If equipment costs a lot or if the entity itself will cost more than expected, a prospective oncology department or center might need to obtain a CON, Mr. Schrig says, when it otherwise would not.

5. Utilization.
Before even setting up a radiation oncology department or center, the likely utilization must be known, Mr. Schrig says. The expected utilization or volume is needed to determine whether the facility will cover its operating costs and, most importantly, whether it will be able to develop the proficiency, experience and skill needed to provide quality services to its patients. If there are several other cancer centers in a city, an entity should analyze whether it could be financially viable and provide the desired quality of care before actually sinking money into a joint venture or freestanding radiation oncology center.

6. Physician/oncologist reputation. The volume of a cancer center or department directly correlates to the reputation of the physicians and radiation oncologists who treat the cancer patients, Mr. Hill says. With so much information available on the Internet, finding the right physicians will bolster the quality, reputation and sustainability of the facility. "Cancer patients are generally smart consumers," Mr. Hill says. "Cancer is a disease that is treated for a long period of time, and they are drawn to physicians that are leaders in the field."
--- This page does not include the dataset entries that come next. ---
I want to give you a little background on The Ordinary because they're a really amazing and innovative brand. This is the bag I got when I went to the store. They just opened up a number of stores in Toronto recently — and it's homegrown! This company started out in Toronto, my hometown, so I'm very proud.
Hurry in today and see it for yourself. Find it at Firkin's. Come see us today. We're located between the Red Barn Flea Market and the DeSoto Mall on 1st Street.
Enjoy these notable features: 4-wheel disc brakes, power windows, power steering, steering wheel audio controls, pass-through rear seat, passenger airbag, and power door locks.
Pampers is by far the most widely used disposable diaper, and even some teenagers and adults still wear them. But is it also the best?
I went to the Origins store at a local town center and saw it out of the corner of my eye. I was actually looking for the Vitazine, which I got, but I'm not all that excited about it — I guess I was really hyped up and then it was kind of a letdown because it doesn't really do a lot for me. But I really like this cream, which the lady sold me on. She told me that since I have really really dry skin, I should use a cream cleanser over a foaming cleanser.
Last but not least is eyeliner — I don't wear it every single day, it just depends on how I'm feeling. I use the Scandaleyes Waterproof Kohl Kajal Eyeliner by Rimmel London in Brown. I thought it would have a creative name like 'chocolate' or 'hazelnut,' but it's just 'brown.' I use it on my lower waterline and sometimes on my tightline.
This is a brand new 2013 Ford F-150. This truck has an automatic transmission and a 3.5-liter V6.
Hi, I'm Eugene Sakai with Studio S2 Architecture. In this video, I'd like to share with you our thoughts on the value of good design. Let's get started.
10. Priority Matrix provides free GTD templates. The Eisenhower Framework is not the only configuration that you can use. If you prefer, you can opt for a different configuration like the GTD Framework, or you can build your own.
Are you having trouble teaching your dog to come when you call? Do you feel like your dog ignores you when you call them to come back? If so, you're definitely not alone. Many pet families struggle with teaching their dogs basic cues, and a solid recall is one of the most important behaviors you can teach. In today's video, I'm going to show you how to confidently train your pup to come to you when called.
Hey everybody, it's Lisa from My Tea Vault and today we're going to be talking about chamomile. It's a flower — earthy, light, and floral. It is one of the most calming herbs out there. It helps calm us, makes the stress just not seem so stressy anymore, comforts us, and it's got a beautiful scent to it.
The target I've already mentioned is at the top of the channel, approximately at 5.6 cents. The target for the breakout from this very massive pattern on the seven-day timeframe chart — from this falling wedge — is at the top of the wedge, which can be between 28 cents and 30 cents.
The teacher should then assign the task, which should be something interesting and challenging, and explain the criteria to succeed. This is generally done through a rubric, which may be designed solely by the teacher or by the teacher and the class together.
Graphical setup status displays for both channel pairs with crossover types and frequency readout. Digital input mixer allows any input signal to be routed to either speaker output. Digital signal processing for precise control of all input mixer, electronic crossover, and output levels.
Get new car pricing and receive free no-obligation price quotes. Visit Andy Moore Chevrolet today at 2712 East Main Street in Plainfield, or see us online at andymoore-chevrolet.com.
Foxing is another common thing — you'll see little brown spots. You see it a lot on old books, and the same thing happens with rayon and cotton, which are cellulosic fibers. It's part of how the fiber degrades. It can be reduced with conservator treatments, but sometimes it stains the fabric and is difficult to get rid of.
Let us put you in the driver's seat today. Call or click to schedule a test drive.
7. Accreditation and licensure. Mr. Schirg says working with licensing and accreditation bodies about the expectations for the facility is essential. The licensure and accreditation requirements for freestanding radiation therapy centers and off-campus,  hospital-based radiation oncology departments is not always clear, so a hospital or facility may need to jump through some additional hoops in order to make its vision a reality, he says.

8. Requisite supervision.
Mr. Schirg says this is a commonly overlooked step, but all radiation oncology centers must ensure they meet the physician supervision requirements for the procedures they perform. This is typically a bigger issue for freestanding or off-campus, hospital-based radiation oncology centers. Mr. Hill adds that these locations generally must have a physician present during regular business hours, so the administration must figure out how to have some staff there.